S&P CoreLogic Case-Shiller Index Reports 3.6% Yearly Increase in Home Prices
The U.S. Census Bureau reports a yearly construction spending increase of 3.2 percent.
In October 2024, home prices surged across the United States, with New York, Chicago, and Las Vegas leading the way in price appreciation, as noted by financial services firm S&P Global.
Brian D. Luke, head of commodities-real and digital assets, stated, “While annual returns continue to demonstrate positive inflation-adjusted growth, they fall short of the substantial gains witnessed throughout this decade.”
“Florida and Arizona markets are experiencing upward trends; however, they are not keeping pace with inflation and have notably decreased from the over 10 percent annual gains recorded from 2020 onwards. This has allowed other markets to make significant strides,” he explained.
Among the 20 cities tracked by the company, New York experienced the highest annual increase at 7.3 percent in October, followed by significant gains in Chicago and Las Vegas.
New York’s annual returns were more than twice the national average, as Luke observed, with the city achieving the most significant annual price increases in the last six months, after San Diego held the lead in the previous six months.
“We anticipate home prices will continue their steady rise throughout 2025 at a pace similar to this year,” remarked Redfin senior economist Sheharyar Bokhari.
Construction Activity and Mortgage Rate Challenges
This price increase coincides with a 3.2 percent rise in residential construction spending in November year-over-year, as per U.S. Census Bureau data.
Public residential construction saw the largest increase at 12.2 percent, while private construction rose by 3.1 percent.

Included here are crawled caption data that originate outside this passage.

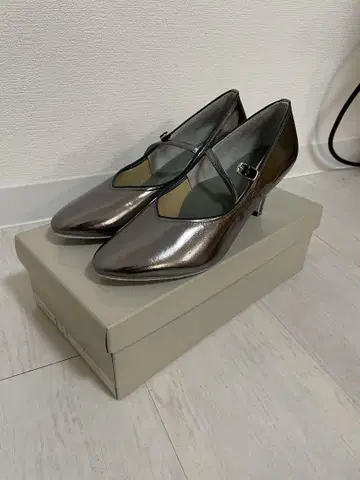 메탈릭 그레이 스트랩 펌프스 23cm 본양피 이부시은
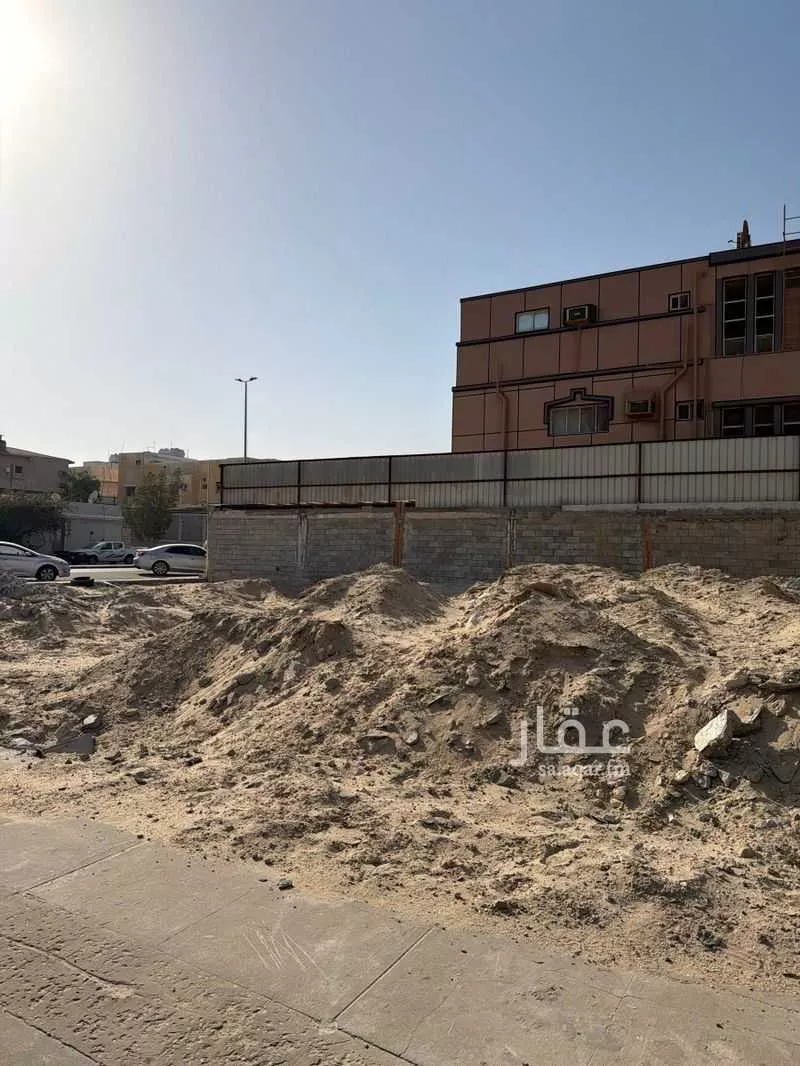 558 sqm land in Al Aqrabiyah 4
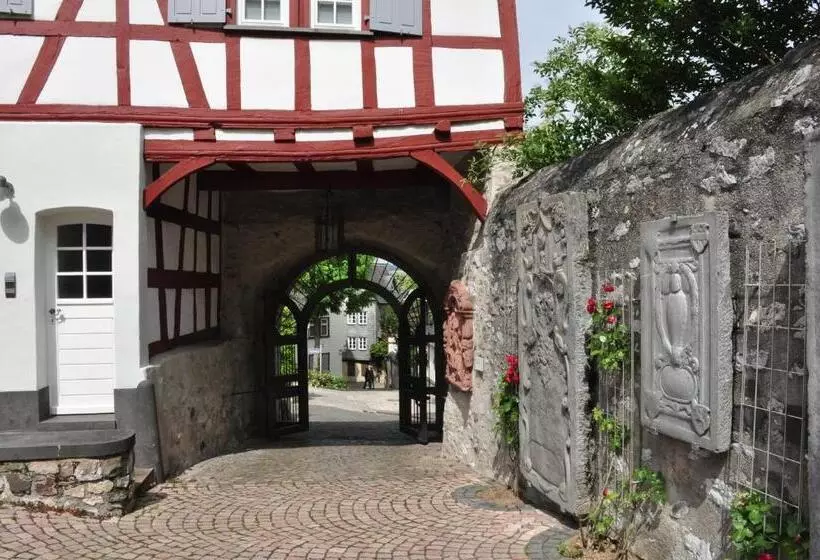 Hotelli Gästehaus Priester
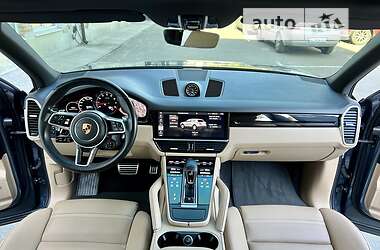 Позашляховик / Кросовер Porsche Cayenne 2017 в 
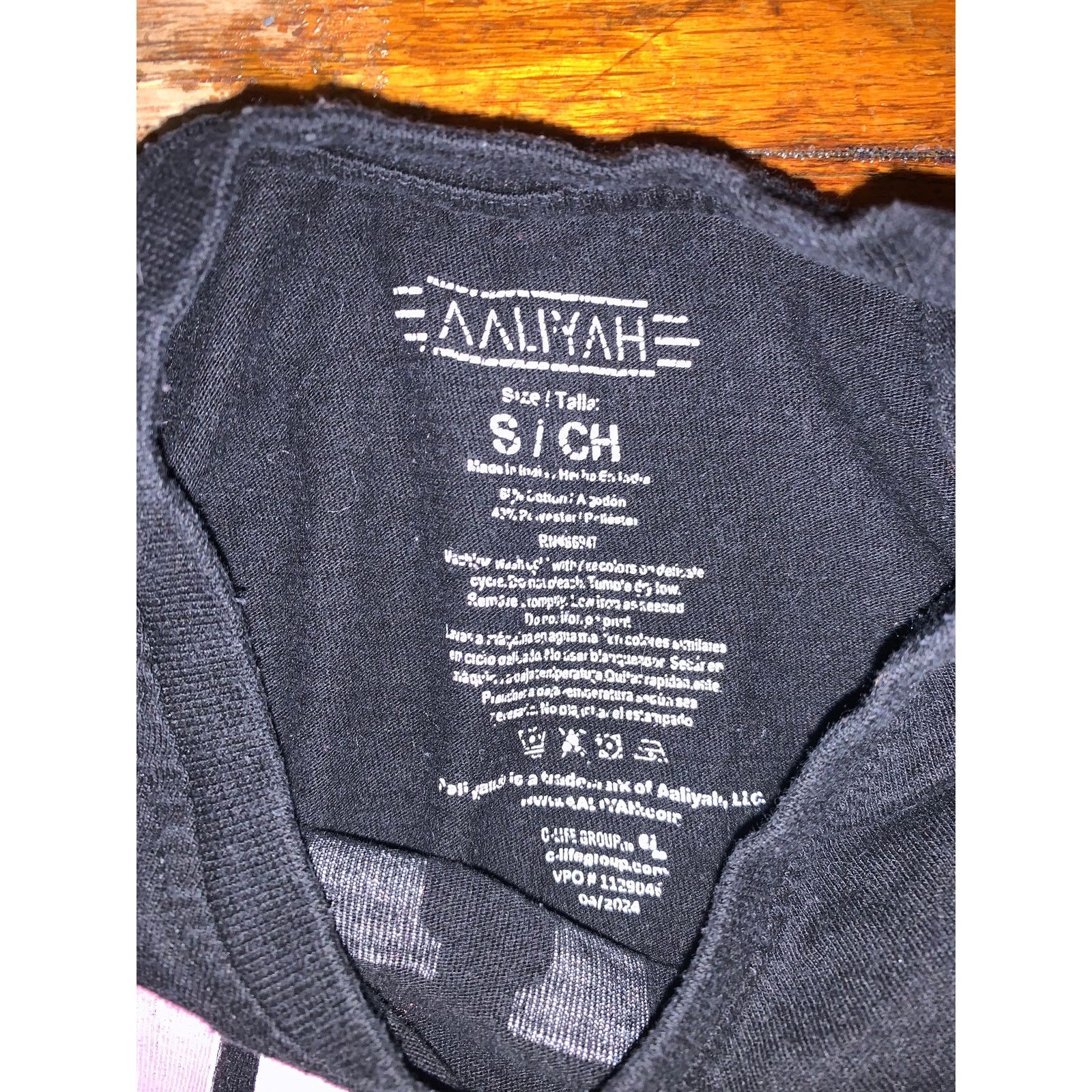 Band Tees Aaliyah Princess of R&B T Shirt Small Black Graphic Tee Y2K Size S / US 4 / IT 40 - 3 Thumbnail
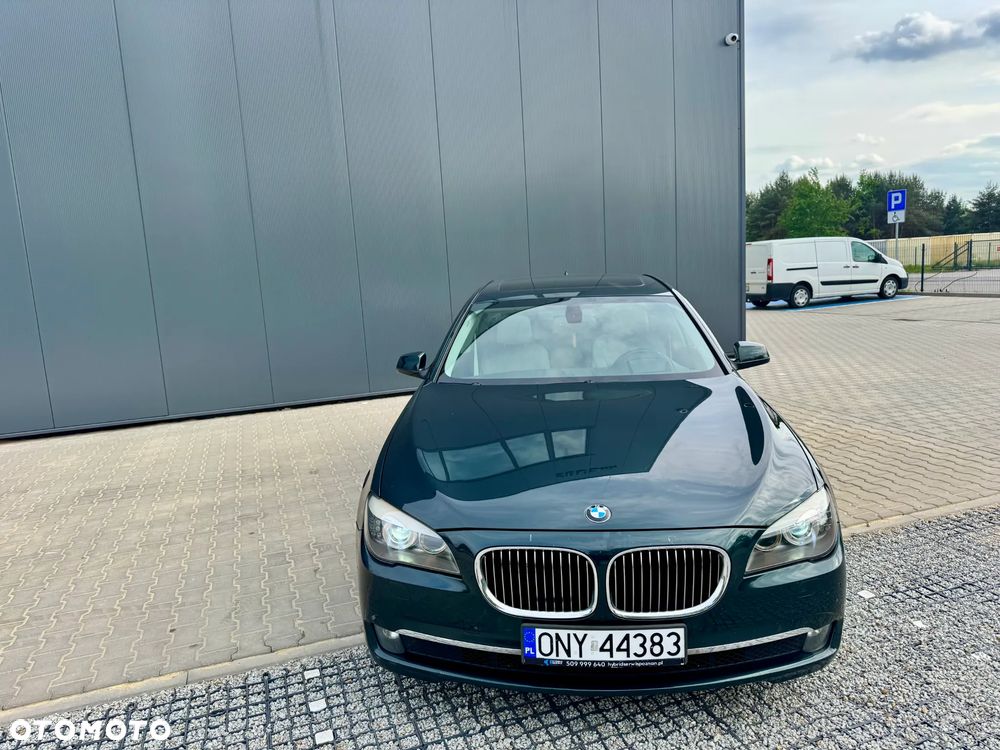 BMW Seria 7 730d - 31
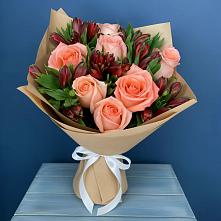 Букет цветов из:  Розы и Альстромерии в Лорисе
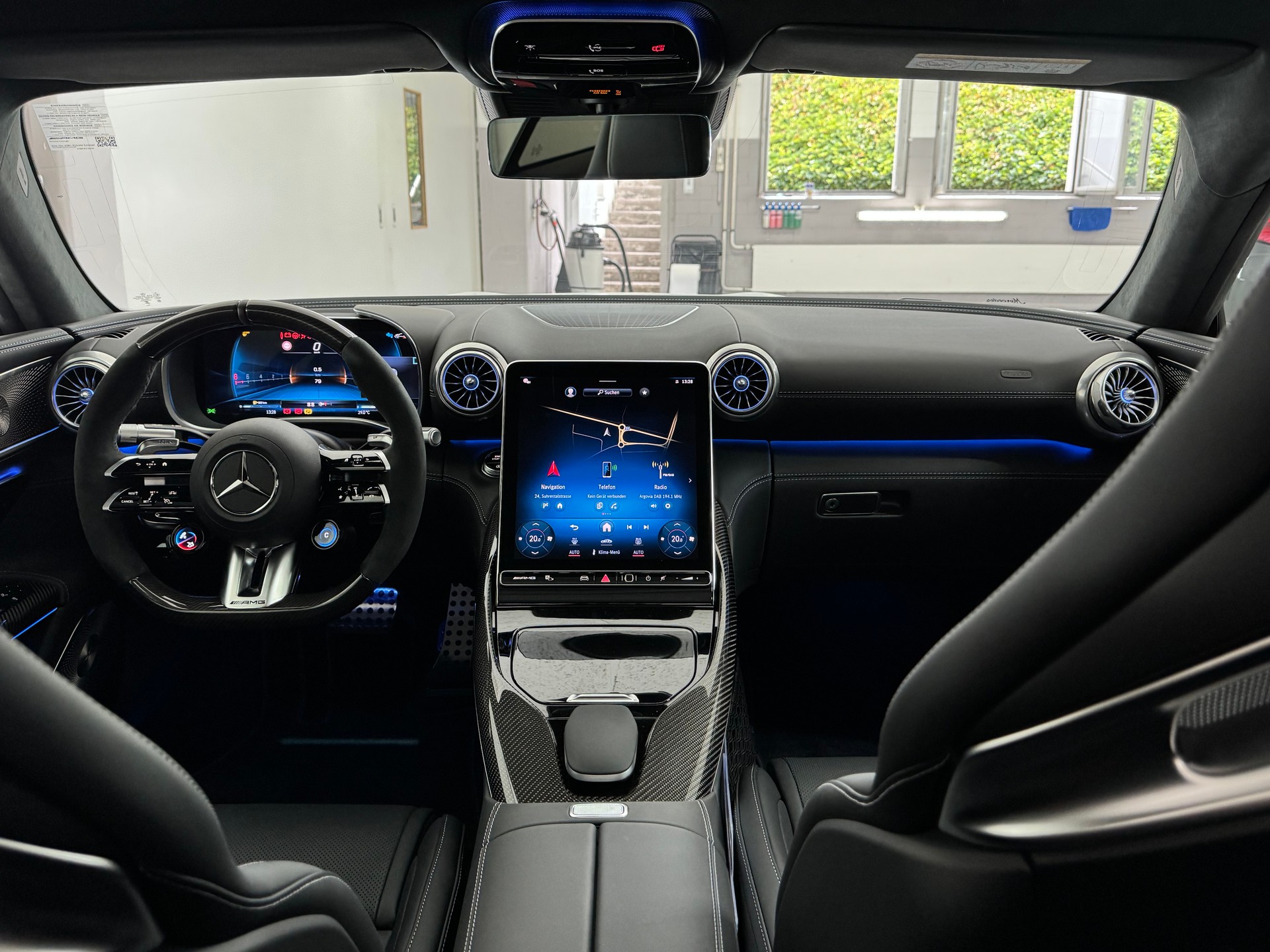 MERCEDES-BENZ AMG GT 63 4Matic+ Executive Edition-image-11
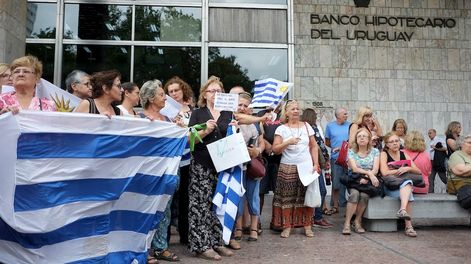 Una manifestación de deudores en UR ante el BHU, en 2018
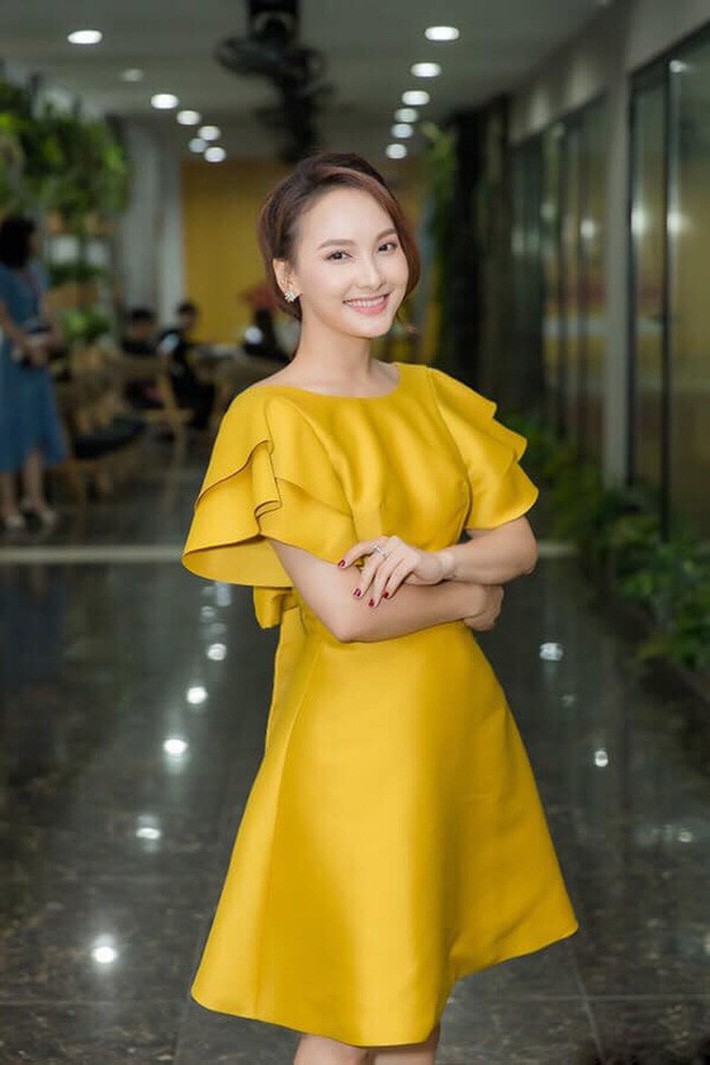 So kè style 3 nàng ngọc nữ 1990 của điện ảnh Việt: Người chăm diện đồ trễ nải, người thích diện đồ xì-tin hack tuổi triệt để - Ảnh 11. So kè style 3 nàng ngọc nữ 1990 của điện ảnh Việt: Người chăm diện đồ trễ nải, người thích diện đồ xì-tin hack tuổi triệt để - Ảnh 11.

Notably, within private construction, spending on new single-family and multifamily developments experienced annual declines.
“Regulatory burdens must be eased, permitting obstacles removed, and career paths in skilled trades encouraged by policymakers at all government levels to facilitate the construction of more homes and apartments nationwide,” he stated.
Persistent high mortgage rates are suppressing interest from potential homebuyers, leading builders to be cautious about new constructions.
Temporary reductions in rates may occur, offering potential buyers opportunities, according to Fannie Mae chief economist Mark Palim. However, the outlook for buyers is not entirely bleak.
“While we expect ongoing affordability challenges to persist, we foresee nominal wage growth outpacing home price growth for the first time in over a decade in 2025, which will gradually provide relief for potential homebuyers,” he stated.